The SimpleImage class is just what it says: a dead-simple image class that has just a width, a height, and an array of bytes that holds the pixel values. Images always have three channels, and the pixels are organized from left to right and bottom to top. For instance, a small image with width 3 and height 2 would have data.length == 18; the red, green, and blue components of the lower-left pixel at data[0], data[1], and data[2]; the upper-left pixel in data[9] ... data[11]; and the last pixel is the upper-right pixel at data[15] ... data[17]. In order to access the pixel data you will need to compute indices into this array; you can compute them directly in your resampling code, but things may turn out more readable if you make use of the provided method stubs for SimpleImage.getPixel and SimpleImage.setPixel.
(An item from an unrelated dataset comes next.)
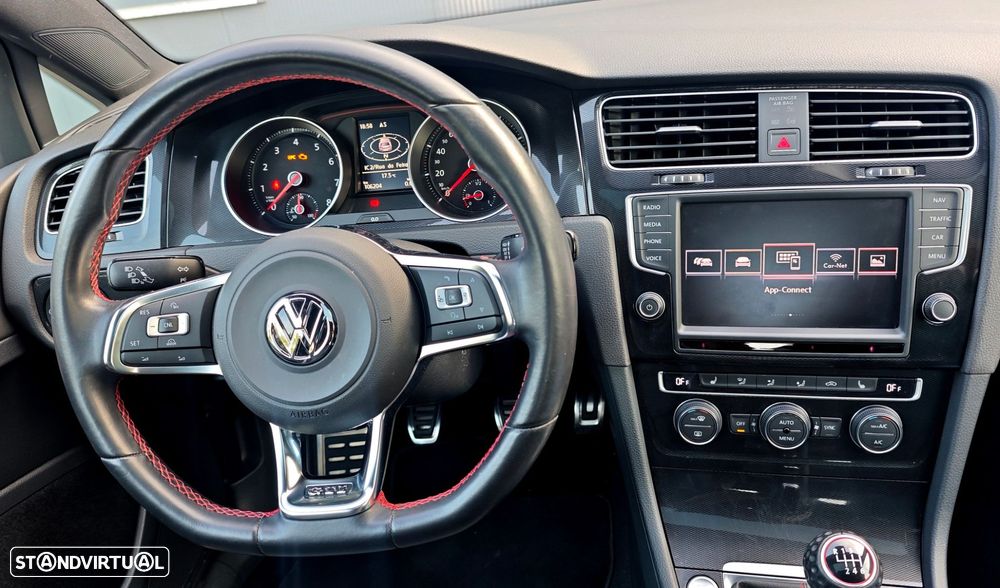 VW Golf 2.0 TSi GTi Performance - 18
Please notice that pixel value data[i] has the Java type byte, which is awkward because the pixel value is unsigned but Java always treats integer types as signed, so if you don't do anything special, pixel values above 127 will be interpreted as negative numbers. The way to deal with this is with an expression like data[i] & 0xff, which has the effect of transferring the 8 bits of the byte into an int, where they represent the correct value in the range [0, 255]. In converting your result back to byte, a simple cast will do the job, but you need to watch out for values that might be negative or greater than 255; you should clamp these to 0 and 255.

Framework

You can complete this assignment keeping completely within the abstraction boundary provided by the ResampleEngine interface. But you may like to look around the code to see how things work. The framework is an fairly minimal example of the use of the OpenGL 3 API, which it accesses from Java using the Lightweight Java GL (LWJGL) 3 library, which provides a very direct translation of the C API as a collection of static methods in Java. For windowing it uses the GLFW library provided through LWJGL. Since GLFW is quite low-level, the ResampleApp is built on the base class cs4620.util.SimpleOpenGLApp, which provides a simple and reasonably familiar interface in terms of and init (called once at startup) and draw (called once per frame) methods, plus a collection of simple event handlers for window resizing, keyboard input, and mouse/trackpad input.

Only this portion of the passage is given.